E' uno di quei film importantissimi che hanno fatto da cassa di risonanza al nascente bisogno di uscire dalla retorica dell'eroe e che aiutano a guardare in faccia l'orrore della guerra e della solitudine a cui vanno incontro i "reduci". Ma la lezione è ancora tutta da assimilare e da integrare, vista la lentezza che ha la coscienza umana nel cambiare realmente registro...

Christian ha detto...

Sono d'accordo.
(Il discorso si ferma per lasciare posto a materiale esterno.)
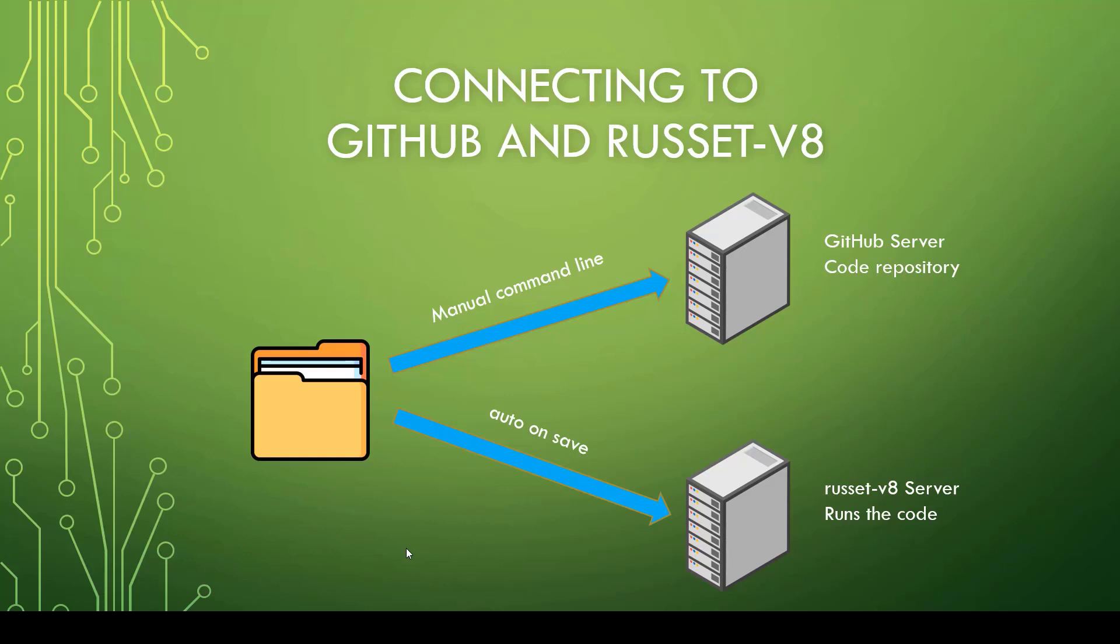In the last video series, we went over how to connect a folder to the GitHub repository. Remember, if you update this folder—adding, deleting, or changing things in it—you can just go to the command line, enter those four commands I talked about in the last video, and it will put it on the GitHub server. Remember that GitHub server is a code repository. Make sure you watch that video series first before you watch this one.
Dal punto di vista artistico e prettamente cinematografico è forse un po' sopravvalutato ("Apocalypse Now" è decisamente su un livello superiore), ma come importanza storica e sociale è una pellicola da cui non si può prescindere se si guarda alla storia del cinema americano.

Nicholai Hel ha detto...

Sono contento che finalmente hai visto questo film. Riguardo alla "trasformazione di Nick", oltre alla tragicità dell'esperienza della guerra e della prigionia, devi considerare la dipendenza dalla droga. Nell'ultima roulette russa quando Mike gli prende la mano sono infatti evidenti i segni delle siringhe sul braccio di Nick.
Infine resta memorabile la scena del biliardo con la mitica " Can't Take My Eyes Off You".
Bis Dann

Nicholai Hel

Christian ha detto...

Certo, è un po' tutto l'insieme (le esperienze della guerra, la tossicodipendenza) a far precipitare Nick sempre di più nel tunnel, quando invece all'inizio si poteva pensare che sarebbe stato Michael quello più a rischio. In ogni caso, un film che (ora che ho rotto il ghiaccio, vedendolo finalmente per la prima volta!) conto di rivedere spesso negli anni a venire, per arrivare a coglierne sempre meglio le tante sfumature.